In practice, we rarely need to compute the quantity \(p(\varvec{y}_i \,|\, \varvec{y}_{-ik}, s_i = k, z_i = j)\) from scratch. Instead, the statistics used in the computation of \(p(\varvec{y}_i \,|\, \varvec{y}_{-ik}, s_i = k, z_i = j)\), denoted by \((\varvec{u}_m, r_m, \nu _m, \varvec{S}_m)\) in (6), are cached as \(\varvec{T}_{jk}\); and each time \(s_i\) change its value, say from \(k_1\) to \(k_2\), only \(\varvec{T}_{jk_1}\) and \(\varvec{T}_{jk_2}\) are updated using recursion (6).

1.3 Appendix B.3: Updating the hypothesis vector (Step 3, Algorithm [1])

Let \(g_j:= P(\Vert \varvec{\gamma }\Vert _1 = j)\), \(j \in {\mathcal {J}}\). Then, under Womack’s prior,

$$\begin{aligned} g_j&= \zeta _0 \sum _{l=1}^{J - j} g_{j + l} \left( {\begin{array}{c}j + l\\ j\end{array}}\right) , \qquad j = \{0, \ldots , J - 1\}, \\ g_0&= \zeta _0 / (1 + \zeta _0), \end{aligned}$$

where \(\zeta _0\) is a hyperparameter (Womack et al. 2015). This is a non-singular linear system with \(J + 1\) equations. Hence, \(\varvec{g} = (g_j: j \in {\mathcal {J}})\) is always well defined. Once \(\varvec{g}\) is computed, the cost of computing \(\pi _0(\varvec{\gamma })\) is negligible, because Womack’s prior implies that \(\pi _0(\varvec{\gamma }) = g_{\Vert \varvec{\gamma }\Vert _1} \left( {\begin{array}{c}J\\ \Vert \varvec{\gamma }\Vert _1!\end{array}}\right) \).

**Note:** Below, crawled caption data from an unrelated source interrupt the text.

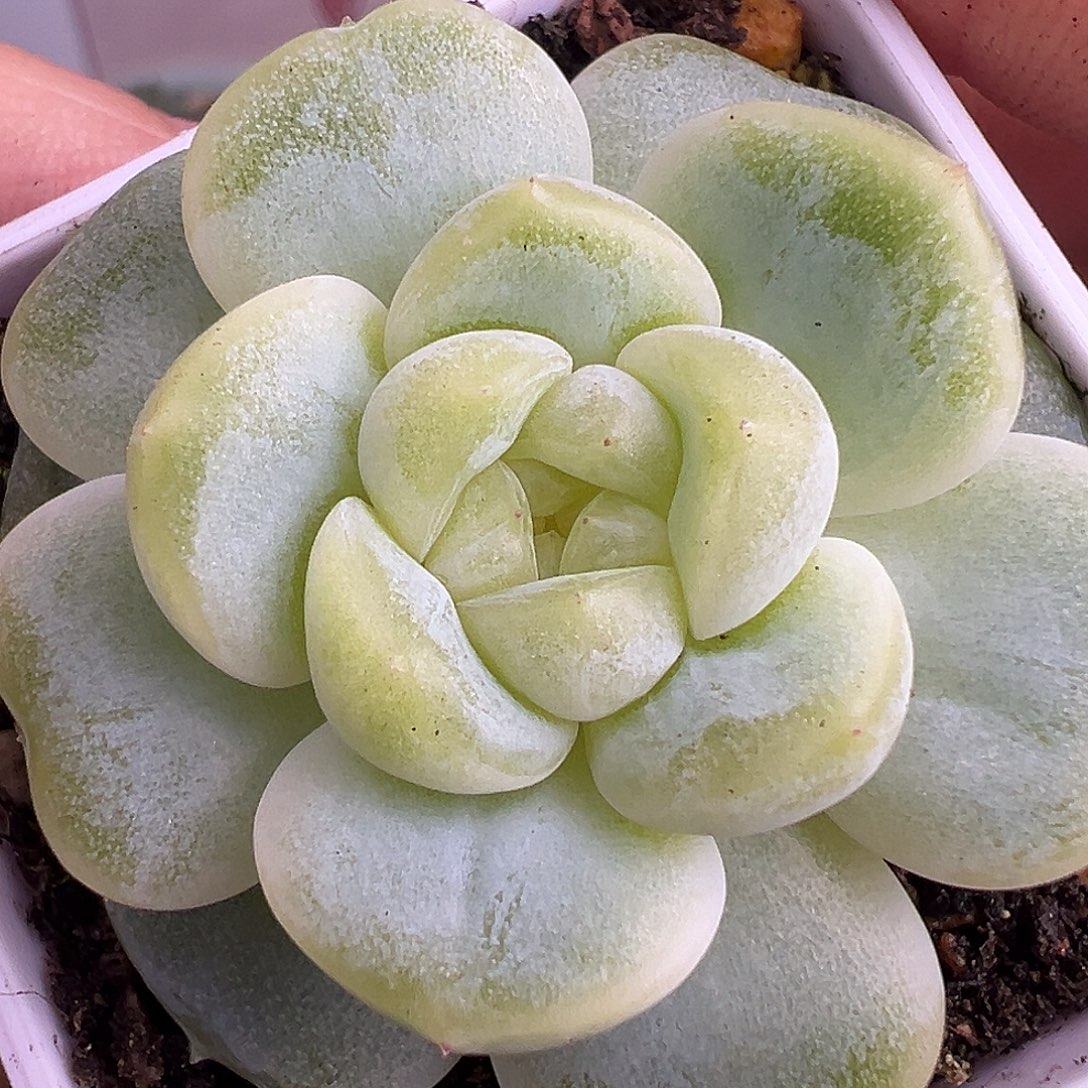 财富密码隐藏款。 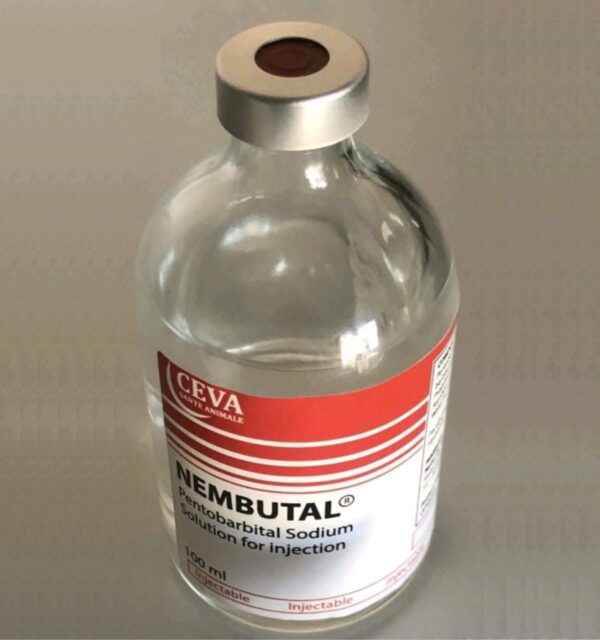 A clear glass vial of Nembutal 100mg-Pentobarbital Sodium liquid solution marked "50 mg/mL," placed on a sterile surface.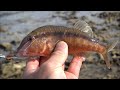 shallow diving minnows around reef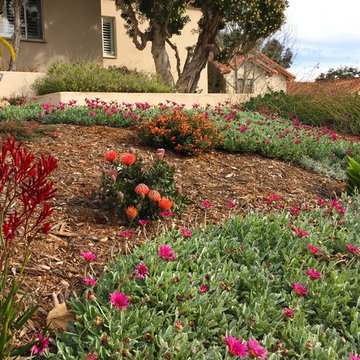 Canepa Front Yard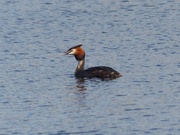 31st Mar 2016 - Great Crested Grebe 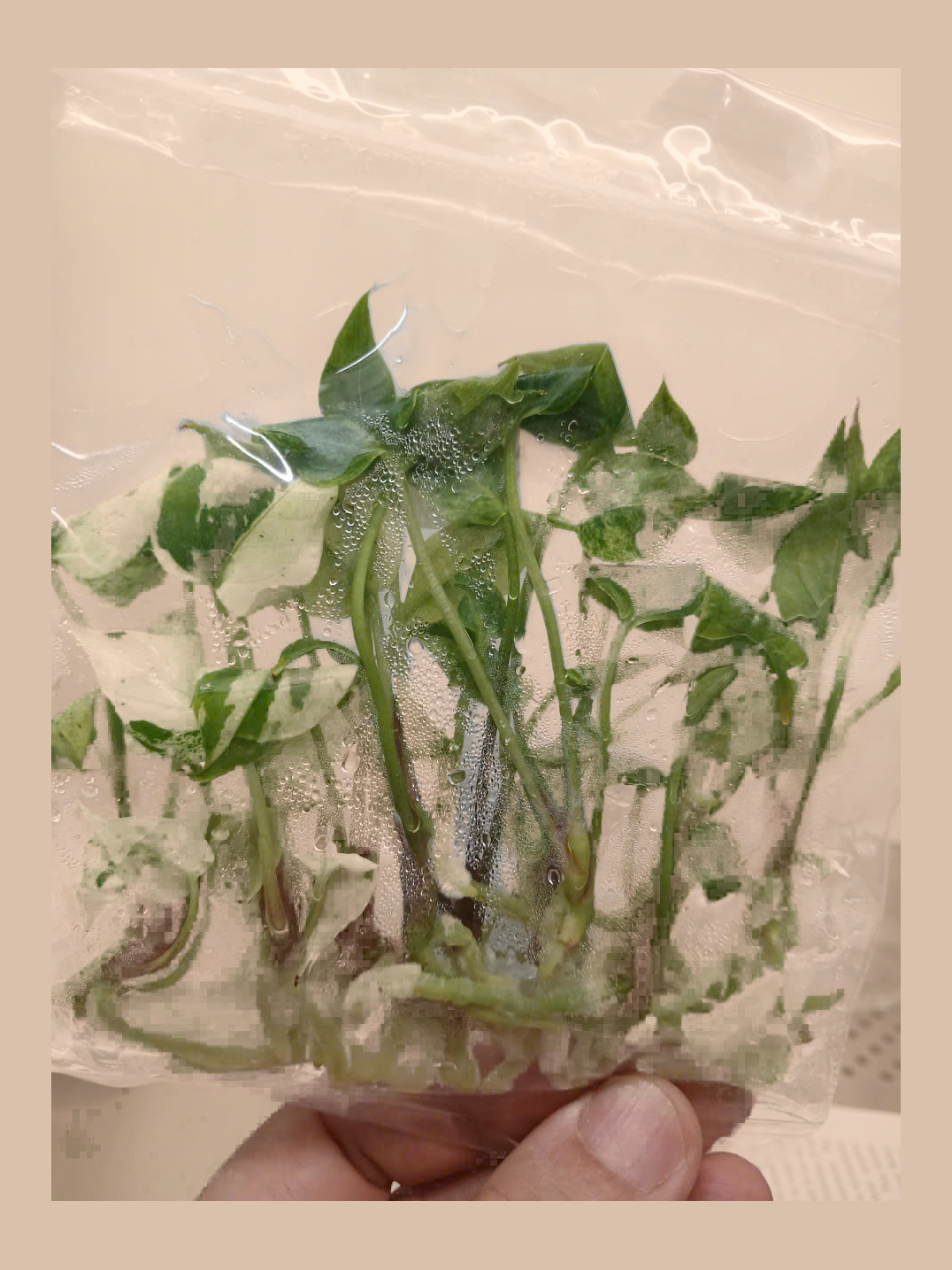 Anthurium hookeri ‘Variegated’ cultivar reference, photo 2. Packaging and mature-plant images are illustrative; sold as 1 plant per bag.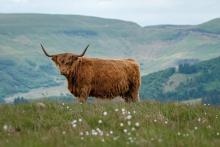 south wales aberdare landscape trail running ultra marathon views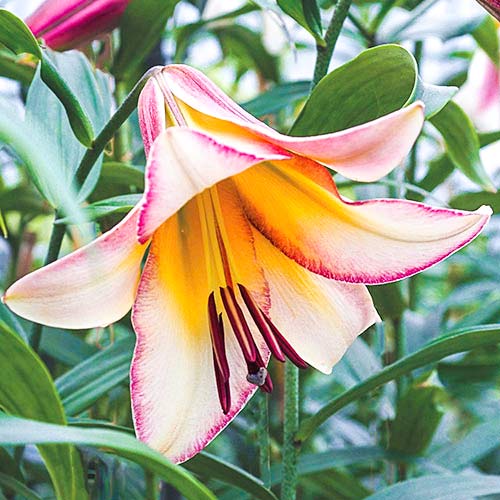 Лилия Бейджинг Мун изображение 1 артикул 61059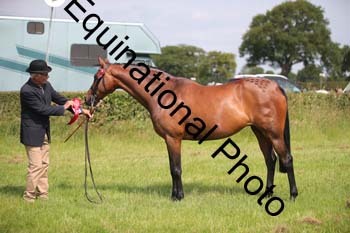 BBX-1215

Now, let \({\mathcal {I}}_{\varvec{\gamma } jk}:= \{i \in {\mathcal {N}}: \gamma _{x_i}x_i = j, s_i = k\}\) and \(\varvec{y}_{\varvec{\gamma } jk}:= (\varvec{y}_i: i \in {\mathcal {I}}_{\varvec{\gamma } jk})\). Then,

$$\begin{aligned} \pi _1(\varvec{\gamma })&\equiv p(\varvec{\gamma } \,|\, \alpha , \varvec{s}, \varvec{x}, \varvec{y}) \\&\propto p(\varvec{\gamma } \,|\, \varvec{s}) p(\varvec{y} \,|\, \alpha , \varvec{x}, \varvec{s}, \varvec{\gamma }) = \pi _0(\varvec{\gamma }) p(y \,|\, \varvec{s}, \varvec{z}) \\&= \pi _0(\varvec{\gamma }) \prod _{j \in {\mathcal {J}}} \prod _{k \in {\mathbb {N}}} p(\varvec{y}_{\varvec{\gamma } jk} \,|\, {\mathcal {I}}_{\varvec{\gamma } jk}), \end{aligned}$$

under the convention that \(p(\varvec{y}_{\varvec{\gamma } jk} \,|\, {\mathcal {I}}_{\varvec{\gamma } jk}) = 1\) if \({\mathcal {I}}_{\varvec{\gamma } jk} = \emptyset \). However, \(p(\varvec{y}_{\varvec{\gamma } jk} \,|\, {\mathcal {I}}_{\varvec{\gamma } jk})\) is numerically equal to the marginal likelihood of a sample \(\varvec{y}_{\varvec{\gamma } jk}\) under the model described in Appendix A. Hence, \(\pi _1(\varvec{\gamma })\) can be computed efficiently (up to some proportionality constant) using Eq. (7) and thus we can draw \(\varvec{\gamma } \sim \pi _1\) using any variant of the MH algorithm. In particular, if we use \(W(\varvec{\beta } \,|\, \varvec{\gamma }) \propto I(\Vert \varvec{\beta } - \varvec{\gamma }\Vert _1 = 1)\) as proposal distribution, the acceptance ratio becomes

$$\begin{aligned} a&= \min \left( 1, \frac{\pi _1(\varvec{\beta })}{\pi _1(\varvec{\gamma })}\right) . \end{aligned}$$

Appendix C: Proof of Theorem 1

Let \(\varvec{\beta }\) and \(\varvec{\gamma }\) two hypotheses such that \(\varvec{\beta } \succ \varvec{\gamma }\). Without loss of generality, assume that \(\varvec{\beta } = \varvec{e}_1\) and \(\varvec{\gamma } = \varvec{0}_J\), where \(\varvec{e}_1\) is the first column of \(\varvec{I}_J\).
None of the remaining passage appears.